If there is a silver lining to these moves, it is that they could all be reversed by a future administration. The legislation behind FCPA and FARA has not been eliminated, meaning that they remain the law of the land, even if they will be largely unenforced. Given how the moves have made the likelihood of massive, sprawling foreign influence campaigns much likelier, it is entirely possible that a future scandal will spur reforms and even the return of the FBI’s foreign influence task force and other kleptocracy initiatives. This is, what happened in both the 1970s (when Watergate helped spark anti-corruption reforms like the FCPA) and the 2010s, when Trump’s first election prompted prosecutors to start enforcing FARA.
That, though, is small comfort to those watching the U.S.’s anti-kleptocracy efforts dissolve in real-time.

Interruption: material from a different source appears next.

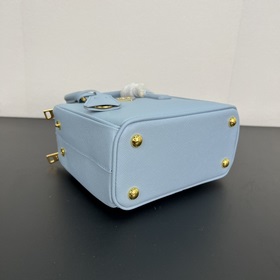 Mini Killer 1BA906, золотой. Эта сумка Galleria изготовлена из фи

Other democratic countries can, and should, try to pick up the slack. Places like the European Union should finally pass legislation bringing transparency to foreign lobbyists. Countries like the U.K. and Canada should beef up their prosecutorial teams as much as possible to target oligarchs. Democratic countries around the world should be talking, right now, about creating their own task forces to tackle kleptocracy and putting those plans into action.
But for years the U.S. led the charge, both in terms of prosecutions and assets returned. Now, there is a gigantic hole in the middle of the world’s counter-kleptocracy efforts. The only ones rubbing their hands in glee as a result are the kleptocrats, oligarchs, and dictators suddenly watching the field open up in front of them, knowing that they will never be caught.